• **Task brief**:
Gather every line from the entries below that includes "Vintage".

• **Dataset records**:
..........
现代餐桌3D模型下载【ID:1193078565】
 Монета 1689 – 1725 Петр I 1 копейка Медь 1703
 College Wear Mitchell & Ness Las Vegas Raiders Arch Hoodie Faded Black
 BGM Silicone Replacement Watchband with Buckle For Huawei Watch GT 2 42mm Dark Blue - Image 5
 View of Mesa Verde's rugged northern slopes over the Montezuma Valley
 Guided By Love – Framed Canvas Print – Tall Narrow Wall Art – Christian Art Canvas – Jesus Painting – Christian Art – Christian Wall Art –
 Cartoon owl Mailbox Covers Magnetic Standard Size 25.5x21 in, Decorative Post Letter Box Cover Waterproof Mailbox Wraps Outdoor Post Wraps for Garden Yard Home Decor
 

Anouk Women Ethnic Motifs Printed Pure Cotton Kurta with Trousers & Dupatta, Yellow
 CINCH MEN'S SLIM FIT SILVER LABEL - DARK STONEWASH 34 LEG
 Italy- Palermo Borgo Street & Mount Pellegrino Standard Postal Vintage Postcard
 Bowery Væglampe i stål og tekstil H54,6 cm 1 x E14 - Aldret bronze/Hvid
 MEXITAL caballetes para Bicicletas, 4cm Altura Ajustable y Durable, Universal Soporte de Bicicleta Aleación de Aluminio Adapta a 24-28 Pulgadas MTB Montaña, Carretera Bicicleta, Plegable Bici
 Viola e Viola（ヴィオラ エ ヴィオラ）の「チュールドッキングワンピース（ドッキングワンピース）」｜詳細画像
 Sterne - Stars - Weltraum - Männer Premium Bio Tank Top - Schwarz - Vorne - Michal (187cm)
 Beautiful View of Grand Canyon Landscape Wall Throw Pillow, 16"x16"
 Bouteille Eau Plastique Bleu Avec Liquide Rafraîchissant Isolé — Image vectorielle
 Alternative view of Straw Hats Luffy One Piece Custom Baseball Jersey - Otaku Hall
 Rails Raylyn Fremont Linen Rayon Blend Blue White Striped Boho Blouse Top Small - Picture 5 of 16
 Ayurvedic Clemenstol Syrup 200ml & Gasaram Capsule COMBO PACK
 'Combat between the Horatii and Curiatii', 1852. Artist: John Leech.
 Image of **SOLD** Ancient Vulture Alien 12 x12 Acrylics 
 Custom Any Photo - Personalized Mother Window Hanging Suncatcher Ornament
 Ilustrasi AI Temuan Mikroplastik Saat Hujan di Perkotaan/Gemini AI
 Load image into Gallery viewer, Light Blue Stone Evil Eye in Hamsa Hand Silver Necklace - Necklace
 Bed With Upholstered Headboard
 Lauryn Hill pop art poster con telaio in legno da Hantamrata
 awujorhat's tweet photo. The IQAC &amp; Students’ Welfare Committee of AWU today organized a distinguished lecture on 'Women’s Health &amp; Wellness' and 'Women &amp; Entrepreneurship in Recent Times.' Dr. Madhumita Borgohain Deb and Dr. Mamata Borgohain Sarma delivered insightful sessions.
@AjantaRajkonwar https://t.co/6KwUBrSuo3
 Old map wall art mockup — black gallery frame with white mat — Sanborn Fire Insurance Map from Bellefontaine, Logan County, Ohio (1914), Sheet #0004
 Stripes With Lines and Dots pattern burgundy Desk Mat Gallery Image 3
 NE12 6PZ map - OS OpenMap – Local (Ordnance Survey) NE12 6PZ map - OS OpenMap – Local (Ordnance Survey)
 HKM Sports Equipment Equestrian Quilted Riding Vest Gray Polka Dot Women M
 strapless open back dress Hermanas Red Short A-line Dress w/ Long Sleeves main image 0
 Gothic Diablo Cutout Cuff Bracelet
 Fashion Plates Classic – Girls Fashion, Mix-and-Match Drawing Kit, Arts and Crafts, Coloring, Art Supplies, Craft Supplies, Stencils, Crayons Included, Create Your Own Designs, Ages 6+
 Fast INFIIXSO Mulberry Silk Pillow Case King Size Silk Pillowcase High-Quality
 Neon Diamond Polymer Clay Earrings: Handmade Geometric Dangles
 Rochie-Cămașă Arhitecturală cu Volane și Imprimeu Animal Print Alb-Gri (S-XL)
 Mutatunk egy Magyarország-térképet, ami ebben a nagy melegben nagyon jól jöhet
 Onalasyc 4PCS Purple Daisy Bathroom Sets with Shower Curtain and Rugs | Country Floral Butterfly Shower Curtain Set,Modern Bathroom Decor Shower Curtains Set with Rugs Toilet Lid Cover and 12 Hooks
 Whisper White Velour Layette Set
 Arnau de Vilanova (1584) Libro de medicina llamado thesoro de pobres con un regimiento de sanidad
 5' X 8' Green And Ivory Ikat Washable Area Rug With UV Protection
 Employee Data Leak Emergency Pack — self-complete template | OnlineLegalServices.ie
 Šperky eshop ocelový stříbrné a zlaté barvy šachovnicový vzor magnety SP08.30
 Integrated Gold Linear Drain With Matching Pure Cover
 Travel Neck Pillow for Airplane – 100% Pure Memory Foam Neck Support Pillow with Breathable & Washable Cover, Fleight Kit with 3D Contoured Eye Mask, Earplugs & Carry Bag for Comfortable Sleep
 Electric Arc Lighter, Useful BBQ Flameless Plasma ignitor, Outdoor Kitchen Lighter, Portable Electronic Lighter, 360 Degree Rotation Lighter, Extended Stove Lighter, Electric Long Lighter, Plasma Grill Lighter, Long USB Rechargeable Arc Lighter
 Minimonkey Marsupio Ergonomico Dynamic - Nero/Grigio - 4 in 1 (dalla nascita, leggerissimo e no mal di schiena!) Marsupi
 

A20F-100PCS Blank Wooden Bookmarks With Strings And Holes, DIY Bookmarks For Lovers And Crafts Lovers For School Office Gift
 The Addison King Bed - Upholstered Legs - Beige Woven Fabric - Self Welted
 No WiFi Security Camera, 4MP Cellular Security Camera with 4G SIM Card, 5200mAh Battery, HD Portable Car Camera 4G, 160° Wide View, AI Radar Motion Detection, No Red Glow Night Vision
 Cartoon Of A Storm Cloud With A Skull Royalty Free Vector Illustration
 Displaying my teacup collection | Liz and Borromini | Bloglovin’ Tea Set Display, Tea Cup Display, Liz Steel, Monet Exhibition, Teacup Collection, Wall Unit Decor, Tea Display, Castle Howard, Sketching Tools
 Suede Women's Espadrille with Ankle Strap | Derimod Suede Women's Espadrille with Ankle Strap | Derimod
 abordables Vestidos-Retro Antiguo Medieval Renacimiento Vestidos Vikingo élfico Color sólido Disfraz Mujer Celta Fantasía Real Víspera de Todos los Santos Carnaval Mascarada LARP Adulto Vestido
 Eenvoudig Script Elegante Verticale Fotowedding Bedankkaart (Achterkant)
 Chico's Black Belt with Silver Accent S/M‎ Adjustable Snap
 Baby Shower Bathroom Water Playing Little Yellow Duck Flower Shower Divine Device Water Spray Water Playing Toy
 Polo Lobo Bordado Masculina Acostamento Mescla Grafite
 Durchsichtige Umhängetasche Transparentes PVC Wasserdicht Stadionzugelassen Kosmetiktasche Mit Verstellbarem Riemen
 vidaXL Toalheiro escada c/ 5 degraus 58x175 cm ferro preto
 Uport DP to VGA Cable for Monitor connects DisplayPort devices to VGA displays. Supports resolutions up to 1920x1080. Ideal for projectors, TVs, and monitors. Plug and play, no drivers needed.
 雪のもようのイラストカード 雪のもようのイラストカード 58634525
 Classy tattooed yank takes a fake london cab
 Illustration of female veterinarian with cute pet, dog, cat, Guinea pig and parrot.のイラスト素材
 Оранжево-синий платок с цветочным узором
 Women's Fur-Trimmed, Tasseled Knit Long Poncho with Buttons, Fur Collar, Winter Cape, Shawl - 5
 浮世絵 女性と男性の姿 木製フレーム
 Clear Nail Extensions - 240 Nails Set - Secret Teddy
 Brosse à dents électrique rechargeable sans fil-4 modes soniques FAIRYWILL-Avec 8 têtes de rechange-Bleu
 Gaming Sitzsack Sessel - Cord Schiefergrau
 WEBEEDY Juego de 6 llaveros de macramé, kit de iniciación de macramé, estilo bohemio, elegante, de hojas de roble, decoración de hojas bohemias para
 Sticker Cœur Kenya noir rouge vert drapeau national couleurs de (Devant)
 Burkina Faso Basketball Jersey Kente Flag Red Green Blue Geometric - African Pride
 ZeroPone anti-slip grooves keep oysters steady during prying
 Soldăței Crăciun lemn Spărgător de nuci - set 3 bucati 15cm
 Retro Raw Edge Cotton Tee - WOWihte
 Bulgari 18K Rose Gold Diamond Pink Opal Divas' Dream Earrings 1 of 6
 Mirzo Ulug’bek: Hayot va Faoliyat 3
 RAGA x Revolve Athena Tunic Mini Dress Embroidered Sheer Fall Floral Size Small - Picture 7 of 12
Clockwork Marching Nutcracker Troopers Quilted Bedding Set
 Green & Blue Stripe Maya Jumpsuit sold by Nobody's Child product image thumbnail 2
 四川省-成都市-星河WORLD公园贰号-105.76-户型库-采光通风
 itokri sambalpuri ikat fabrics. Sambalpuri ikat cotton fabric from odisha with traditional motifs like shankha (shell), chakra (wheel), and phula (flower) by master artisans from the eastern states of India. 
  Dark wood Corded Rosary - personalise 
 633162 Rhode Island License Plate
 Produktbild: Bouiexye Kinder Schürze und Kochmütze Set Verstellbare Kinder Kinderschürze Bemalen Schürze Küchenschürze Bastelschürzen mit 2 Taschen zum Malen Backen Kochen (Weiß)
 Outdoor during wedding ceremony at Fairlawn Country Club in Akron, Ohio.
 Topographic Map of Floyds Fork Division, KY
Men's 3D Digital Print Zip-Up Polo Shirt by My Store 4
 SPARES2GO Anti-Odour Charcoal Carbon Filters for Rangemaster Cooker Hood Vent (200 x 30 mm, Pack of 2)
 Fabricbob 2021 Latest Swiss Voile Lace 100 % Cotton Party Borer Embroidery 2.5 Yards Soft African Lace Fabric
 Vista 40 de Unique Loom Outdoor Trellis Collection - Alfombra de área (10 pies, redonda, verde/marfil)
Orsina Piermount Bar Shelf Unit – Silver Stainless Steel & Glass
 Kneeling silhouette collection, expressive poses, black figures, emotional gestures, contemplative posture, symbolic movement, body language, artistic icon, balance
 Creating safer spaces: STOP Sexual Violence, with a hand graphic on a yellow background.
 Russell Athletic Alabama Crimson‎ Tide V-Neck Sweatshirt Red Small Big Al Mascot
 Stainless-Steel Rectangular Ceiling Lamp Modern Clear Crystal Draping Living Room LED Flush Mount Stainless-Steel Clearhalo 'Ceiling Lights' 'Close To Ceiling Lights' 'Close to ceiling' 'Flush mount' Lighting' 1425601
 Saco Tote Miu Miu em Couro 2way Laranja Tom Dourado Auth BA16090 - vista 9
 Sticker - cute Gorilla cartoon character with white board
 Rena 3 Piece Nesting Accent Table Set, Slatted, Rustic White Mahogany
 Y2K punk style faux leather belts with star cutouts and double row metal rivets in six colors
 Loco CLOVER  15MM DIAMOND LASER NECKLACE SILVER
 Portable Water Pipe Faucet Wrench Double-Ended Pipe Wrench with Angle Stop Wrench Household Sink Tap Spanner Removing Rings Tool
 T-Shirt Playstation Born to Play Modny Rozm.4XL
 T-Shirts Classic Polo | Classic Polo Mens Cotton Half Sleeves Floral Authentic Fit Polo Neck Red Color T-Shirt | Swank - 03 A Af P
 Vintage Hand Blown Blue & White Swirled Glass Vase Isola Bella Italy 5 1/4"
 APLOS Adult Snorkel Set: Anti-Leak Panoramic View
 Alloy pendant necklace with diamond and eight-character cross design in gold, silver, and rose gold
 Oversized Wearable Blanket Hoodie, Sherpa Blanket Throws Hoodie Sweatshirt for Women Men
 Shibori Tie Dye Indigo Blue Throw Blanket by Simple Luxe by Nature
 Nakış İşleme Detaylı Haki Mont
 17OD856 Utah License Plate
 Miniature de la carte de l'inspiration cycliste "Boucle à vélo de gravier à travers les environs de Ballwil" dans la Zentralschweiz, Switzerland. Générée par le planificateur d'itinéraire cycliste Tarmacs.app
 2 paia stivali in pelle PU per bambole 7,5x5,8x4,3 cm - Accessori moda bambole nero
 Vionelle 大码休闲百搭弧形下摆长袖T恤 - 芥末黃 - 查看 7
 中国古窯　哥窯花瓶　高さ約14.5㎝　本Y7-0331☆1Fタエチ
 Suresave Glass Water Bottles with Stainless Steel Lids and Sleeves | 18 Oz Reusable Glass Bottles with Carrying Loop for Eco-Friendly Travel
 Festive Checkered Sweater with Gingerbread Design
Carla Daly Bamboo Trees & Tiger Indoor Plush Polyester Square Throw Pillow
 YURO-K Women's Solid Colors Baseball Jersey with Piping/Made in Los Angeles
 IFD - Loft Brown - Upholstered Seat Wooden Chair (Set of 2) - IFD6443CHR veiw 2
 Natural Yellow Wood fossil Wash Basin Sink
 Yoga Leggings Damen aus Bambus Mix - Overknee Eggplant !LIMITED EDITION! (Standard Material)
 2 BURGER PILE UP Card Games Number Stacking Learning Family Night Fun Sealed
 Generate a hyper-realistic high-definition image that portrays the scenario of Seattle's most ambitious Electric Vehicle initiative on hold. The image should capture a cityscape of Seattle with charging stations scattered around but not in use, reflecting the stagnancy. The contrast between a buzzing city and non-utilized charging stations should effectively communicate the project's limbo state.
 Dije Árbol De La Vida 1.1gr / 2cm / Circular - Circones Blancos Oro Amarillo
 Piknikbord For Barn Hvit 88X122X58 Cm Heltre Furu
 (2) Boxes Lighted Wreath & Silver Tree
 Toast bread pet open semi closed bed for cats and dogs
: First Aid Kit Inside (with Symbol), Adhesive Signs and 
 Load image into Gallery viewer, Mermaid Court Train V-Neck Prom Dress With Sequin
..........
• **Solved exercise**:
 Italy- Palermo Borgo Street & Mount Pellegrino Standard Postal Vintage Postcard
 Vintage Hand Blown Blue & White Swirled Glass Vase Isola Bella Italy 5 1/4"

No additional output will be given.